Maybe my words cause their own blows, because Noah takes a step away from me.

“Once, my brother was a good guy… the best. We were tight, we loved each other. We looked out for one another, and then he turned ten. That’s when my father thought he could be useful and take his part in the family. From that moment, he became not my brother… he became a soldier.”

“Just answer the question, Rory,” Noah growls, coldly. And, I don’t know why I was opening myself to him even more. He doesn’t deserve that. He deserves nothing. Still, I do as he asks—maybe I’m still weak after all.

“My stepfather was a good man, Noah. The best. He couldn’t help my brother, he was already lost to us, but he loved me. David McDaniels was a great man, the best man I ever met. He… he was nothing like you,” I tell him, and I say that while wiping some of the tears from my eyes and I see Noah’s reaction and I think maybe that definitely scored a point.

“Rory—”

“My father though, being like you, and deciding people were possessions and even though he didn’t want them, he didn’t want anyone else to have them either. He had my stepfather and mother killed,” I tell him, reliving a memory that was so painful I thought it might kill me once, but even that pain, that memory can’t hold a candle to the one Noah delivered in suggesting I kill my child so I could still crawl into his bed.

That’s how much he hurt. That’s how much he destroyed. He is most definitely like my father. I just don’t know why I didn’t see it sooner.

“Fuck, Gorgeous,” he says and a wave of misery falls over me at the use of that nickname. I stumble again under its weight. I visibly flinch from the blow, but somehow, I remain standing.

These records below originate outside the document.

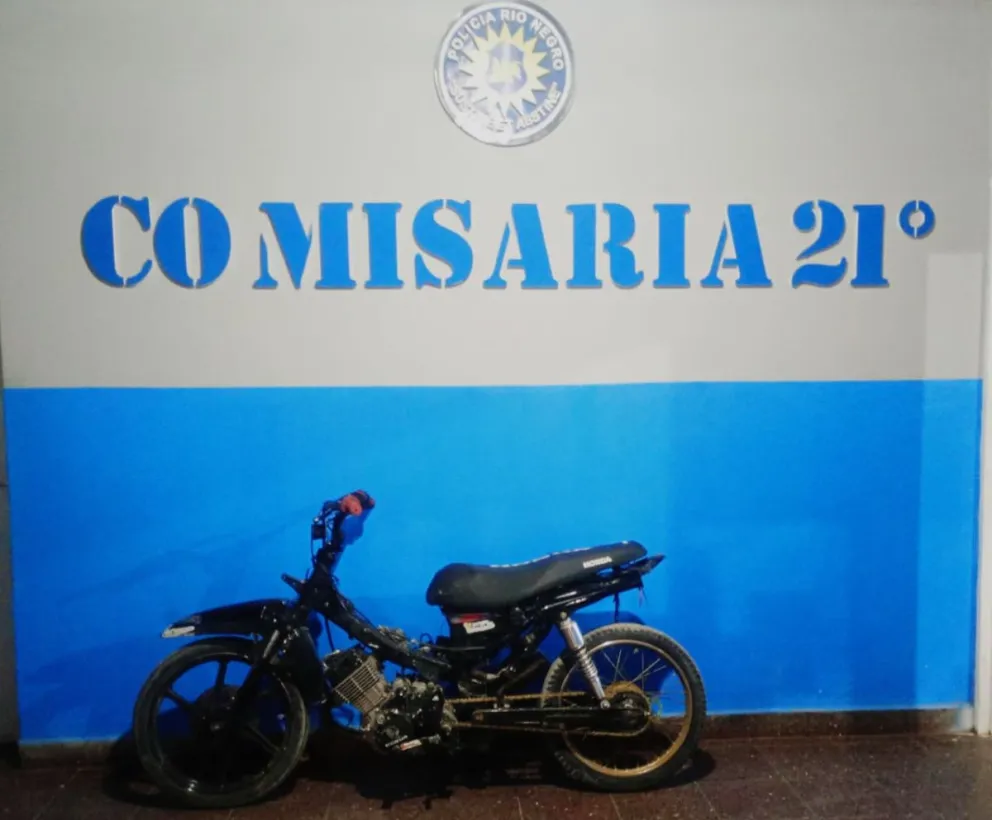 La motocicleta en la que se trasladaban los dos jóvenes. Foto: Policía de Río Negro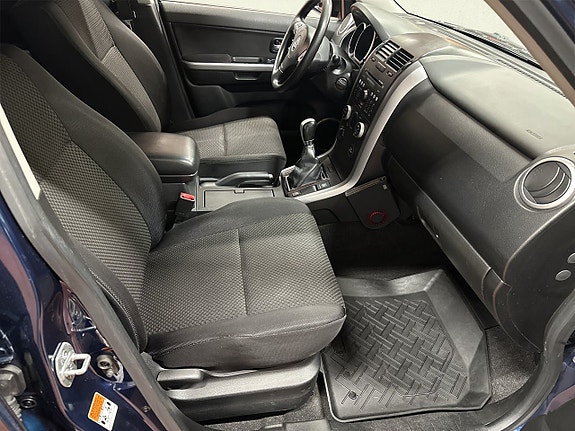 Suzuki Grand Vitara 11 of 15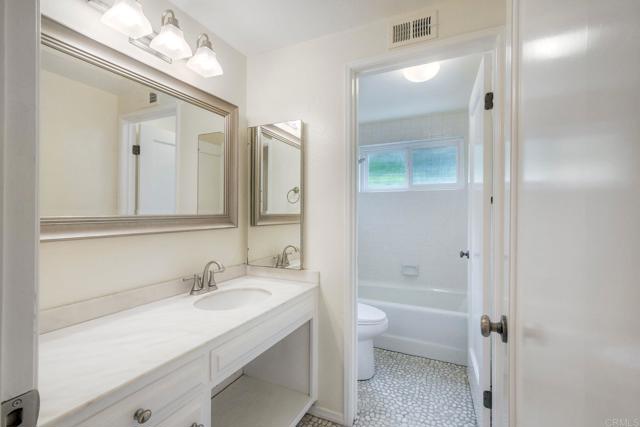 Detail Gallery Image 22 of 32 For 1729 Gascony Rd, Encinitas,  CA 92024 - 3 Beds | 2 Baths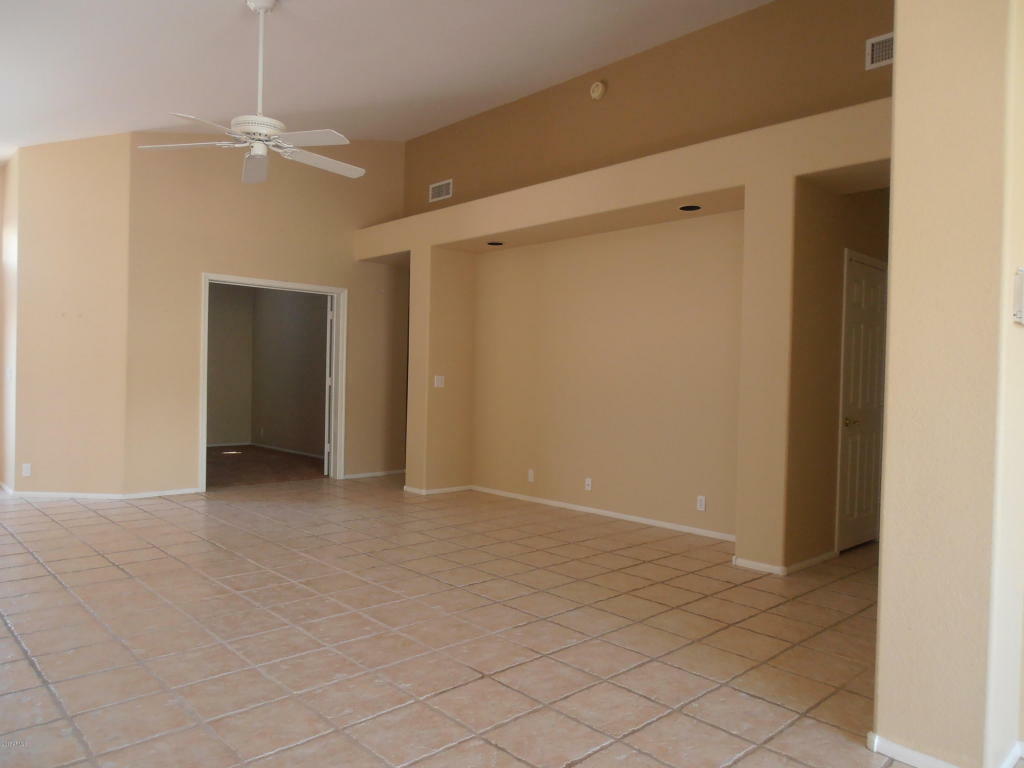 Property Photo:  9028 W Sierra Pinta Drive  AZ 85382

“I was brought back into the family. I didn’t have a purpose. I wasn’t like my brother. I couldn’t be trained to be a soldier. I was useless,” I shrug. “Just a girl, but I was my father’s, so he made sure no one else could have me. I don’t think I saw him more than four times in ten years, Noah and we lived in the same house. Each of those times the only look I saw on his face was disgust.”

“Rory—”

“When I turned eighteen, I couldn’t legally change my name, my father wouldn’t allow that. But, I had money. I had money my grandmother gave me. My father being who he is, I had connections—some I even trusted. So, I got one of them to set me up with this guy. He made me a whole new identity. Rory King died that day. Rory McDaniels was born and that’s who I am now. I never lied to you, Noah. I could never change my name legally because my father would rather kill me than to give me even that one small bit of joy. When he died, my brother was already just like him and he too wouldn’t give me that gift. So, I changed my name the only way I could.”

“Rory—”

“You know what I’m wondering, Noah?”

“What’s that, Gorgeous?” he asks, his voice almost tender and sweet. It’s too late for that, though. I’m done. I can’t deal with Noah and his changing personalities. They gave me whiplash before and now I know that they can be fatal. I can’t take anymore.

“How, since I’ve had all this evil in my life… all of these men who think women are nothing more than possessions and punching bags… How I never saw you coming,” I whisper hating that the tears are falling again, hating that they are running down my face unchecked and truly hating that I’m sharing the same air with a man I loved and a man who destroyed me.

“I never hit you, Gorgeous, not once,” he defends.

He can defend, but there’s no defense for him… not one.

“Some blows don’t have to be physical to destroy you, Noah. I told you that once, don’t you remember? Words are venom, a poison that destroys you from the inside out.”

“Gorgeous…”

“Maybe you’ll remember this time…”

I walk inside, close my door, and lock it. I lean against it, my ear pressed to it and it seems like forever before I finally hear Noah walking away. Only then do I slide to the floor and let my silent tears become huge wracking sobs as the pain inside becomes too much to hold it in any longer.